Practitioners in Businessland
It wouldn’t be an unreasonable argument to say that complex systems cannot be designed, and software is always a complex system.
But of course, complex systems are designed all of the time. The main problem is that the design given to them is simple, because everyone struggles with the complexity.
But that “simplicity” is an illusion. The complex systems don’t become simple systems behind a simple user interface. They just become inscrutable complex systems behind an interface that is unsuited to the task.
That is, you don’t achieve simplicity by making things simple. You achieve simplicity by making things understood. And making complex things understandable is a complex problem, and a difficult problem, and a problem that takes a lot of time and iteration to understand, solve, and refine.
And the people who can do that job are rare, and adequate training for those people is not widely available, and organizations with a firm grasp of the core practices of that job are few. But that isn’t the worst part of the problem.
The worst part of the problem is that people who claim to do that job are very common, and training that claims to be adequate is very common, and organizations who erroneously imagine they grasp the practice are everywhere.
That is, lots of people think that the job is getting done even though it manifestly is not.
Like all complex problems, solving it starts with observation. Then one has to make some sense of those observations. Then there’s a creative interlude where treatments and solutions are proposed and assessed. And then the work begins. In other words, making the complex understandable takes a lot of time, money, skill, and resources. Even more so, it demands that business executives commit themselves to creating a better world. Unfortunately, that’s not what business people do. It’s not what they are paid to do, and first and always, business people do what they are paid to do.
Basically, everyone in business is looking for a way to do things more quickly, more easily, and with less skilled people.
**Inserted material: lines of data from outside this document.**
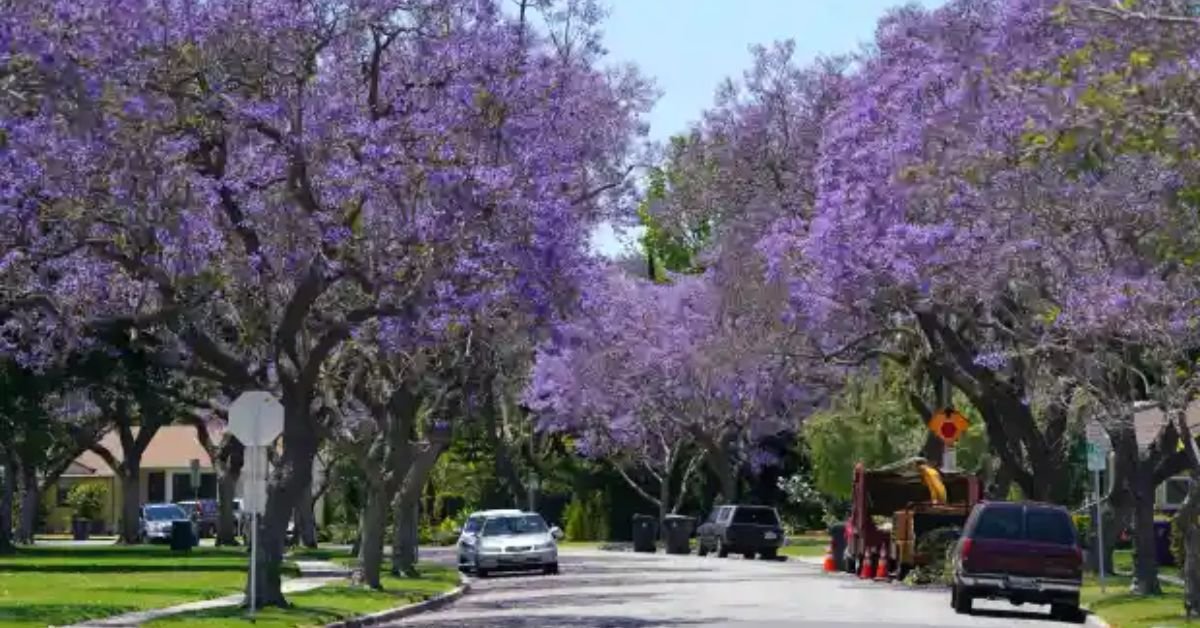 Purple trees in California – Dancing in the purple rain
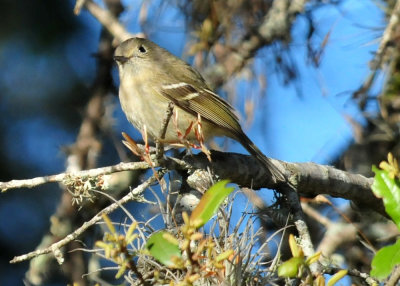 319neals_116huttonsvireo.jpg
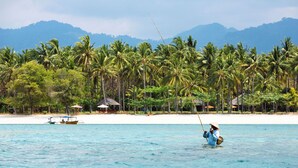 Ein Strand mit Palmen, einem Boot und einer Person beim Angeln.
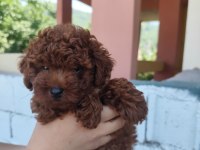 Kilo Garantili Kore Kan Red Brown Toy Poodle yavrular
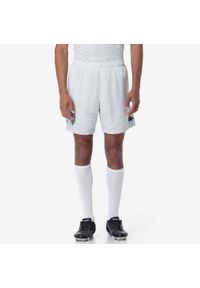 Kappa - Krótki AS Monaco Ryder 2024/25. Kolor: szary. Długość: krótkie. Sport: piłka nożna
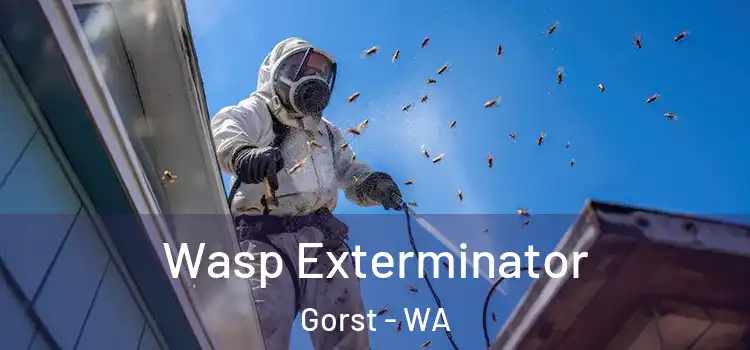 Wasp Exterminator Gorst - WA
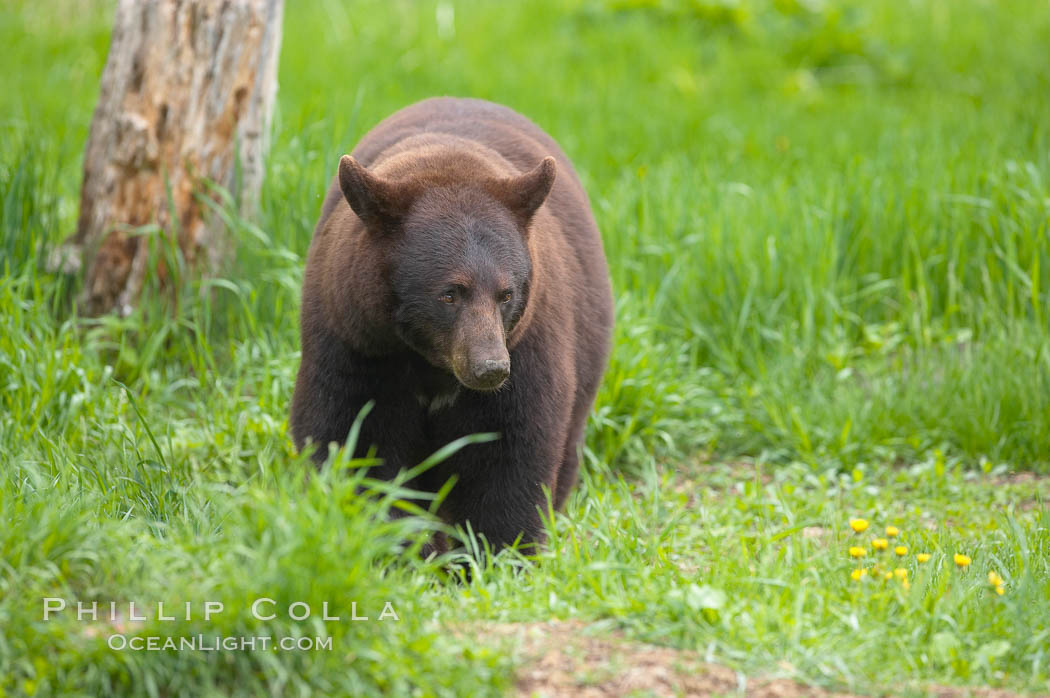 Black bear walking in a grassy meadow.  Black bears can live 25 years or more, and range in color from deepest black to chocolate and cinnamon brown.  Adult males typically weigh up to 600 pounds.  Adult females weight up to 400 pounds and reach sexual maturity at 3 or 4 years of age.  Adults stand about 3' tall at the shoulder. Orr, Minnesota, USA, Ursus americanus, natural history stock photograph, photo id 18771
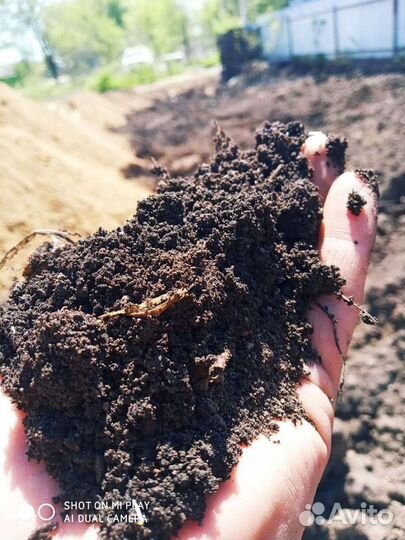 Чернозем, земля плодородная, перегной для огорода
The solution, of course, is to take more time, work harder, and use more highly skilled people.
In other words, the best business people are wrong. Sadly, those same business people often make lots of money being wrong.
Don’t conflate making money with making successful products. Your boss will not reward you for taking time and working harder. Do you want a raise and a promotion? A nice house and a new Tesla? Or do you want to create a supportive, healthy, peaceful world in which your children can grow old in happiness? You have to make a choice about how you wish to shape the world you live in. That’s a very tough choice.
I’ve been a business person all of my life, and I’m not against business. It’s just that business needs to be constrained from the outside in ways that healthy humans don’t.
Over the past 30 or so years we have removed all of those constraints, and businesses have turned from being a productive part of our community to being ruthless predators in our midst. So who do you think they reward in the middle management ranks?
Humans have a conscience. Humans who lack one are sick, and we call them sociopaths. Businesses are cultural structures without a mind, and therefore have no conscience. All businesses are inherently sociopathic.
When you think about it, it becomes obvious that the higher up you go in the ranks of business, the more sociopathic the behavior gets. Almost by definition, CEOs have already sold their souls. By contrast, practitioners have it easy: they just do stuff. It’s middle managers aspiring to something higher up the corporate ladder who have the hard choice.
But practitioners don’t really have it easy, because they tend to give a damn. Generally, they care about the world and their fellow humans. Sure, they want a healthy bank account, but not at the cost of their soul.
So, it’s no surprise that all of the practitioners I know are suffering from acute cognitive dissonance. Their values, attitude, and training all orient them to delivering quality products.
But sociopathic businesses don’t want quality products and don’t care about that. They don’t even really want money, except in the shortest of short terms, otherwise they would care about quality.
Quality products and service are how you create a lasting company of value with trusted, happy employees and customers. Today’s businesses are clearly not creating such things.
Unconstrained businesses loot marketplaces, and loot established companies. They destroy communities and plunder their wealth as the citizens go under. The most skilled of modern business people buy companies with leverage, sell off the assets, lay off the workers, steal their pensions, outsource the processes, borrow on what’s left, hide the cash in offshore accounts, and then let the beloved national brand go bankrupt. They are like sharks: a giant muscle that eats, and never stops eating. They’d eat their tails if they could only reach them.
Practitioners — being the good citizens they are — try to reconcile the unreconcilable. They ask, “do you want it faster?” “Do you want me to calculate the ROI?” “Do you want it jazzier, sexier, prettier?” “Should I be more agile?” “Should I use design systems/thinking/methods?”
It’s like we are in the cockpit of an airplane with the engines dead and the control wires all cut, trying to find the correct settings on the levers and gauges that will somehow right the aircraft.
We are looking for answers in the wrong places. We have to look inside.
Inside each person is a complex system. Taken together, we form a culture: a wickedly complex system. The thing about complex systems is that you can’t direct them, you can’t control them, you can’t even guide them. But you can influence them. That means that taking a stance, taking responsibility, taking personal action is as effective as anything else you might care to do. And then you are on the path to becoming a better ancestor.